* **Stored data**
--------------------------------

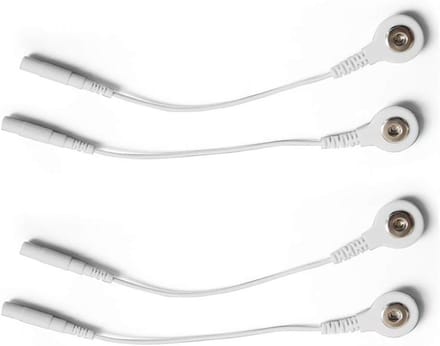 Adapter Tieline Kabels - Elektrode Draden - Apparaat Aansluiten - Korte Witte Kabels - 3.5mm Plug Gat 2.0mm - Wit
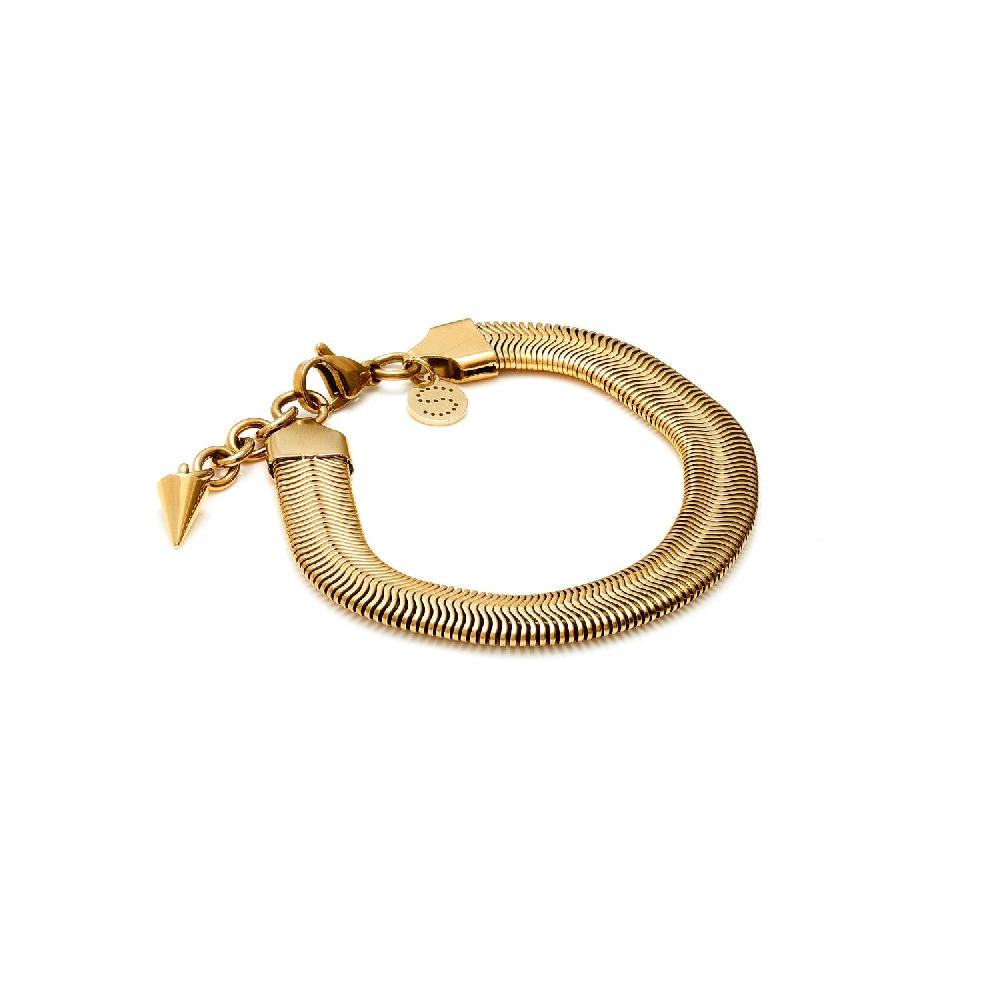 good thing Silk & Steel Sundowner Bracelet - Gold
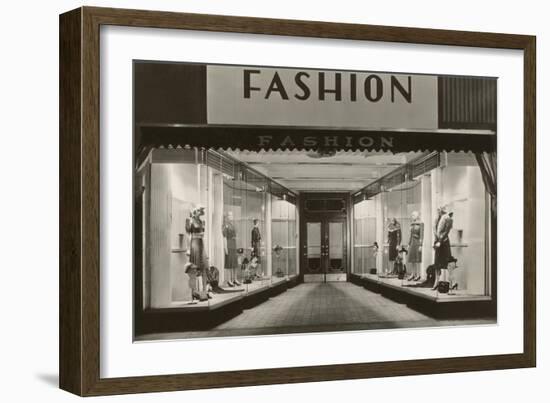 Fashion, Manikins in Windows-null-Framed Art Print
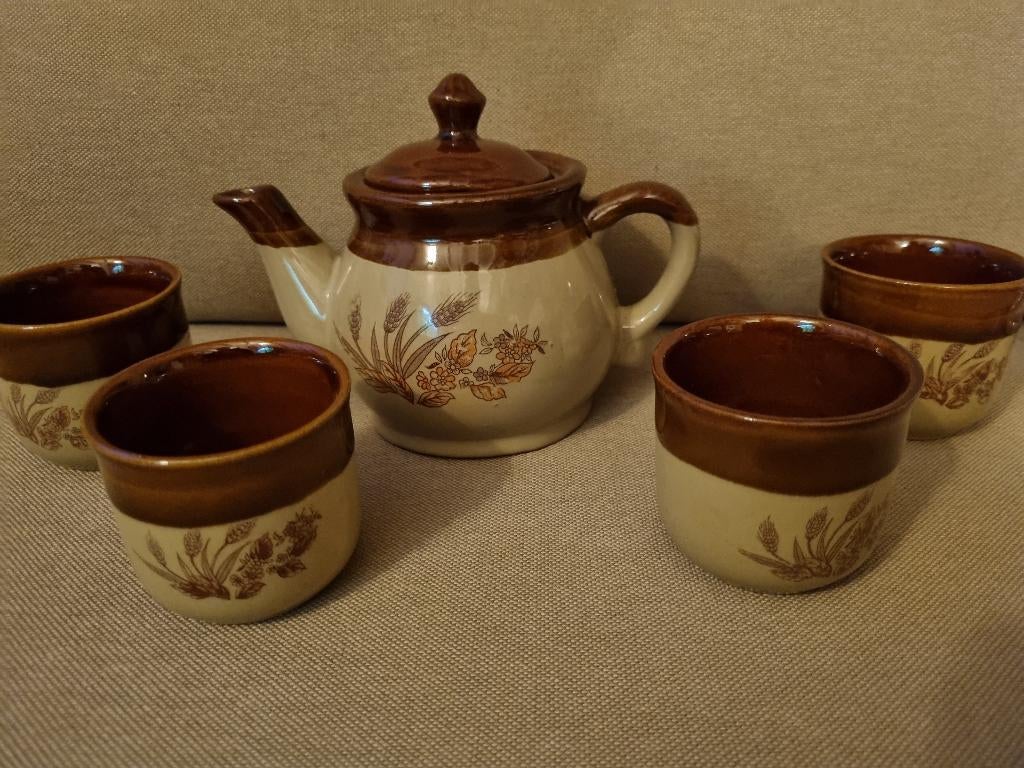 Vintage theesetje, Ophalen, Overige typen, Zo goed als nieuw, Overige stijlen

--------------------------------

* **Task requirements**
Reproduce the lines above, exactly and exclusively, from the line containing "good thing Silk" down to the last line, both included; pictures are not part of the copy.

* **Output**
 good thing Silk & Steel Sundowner Bracelet - Gold
 Fashion, Manikins in Windows-null-Framed Art Print
 Vintage theesetje, Ophalen, Overige typen, Zo goed als nieuw, Overige stijlen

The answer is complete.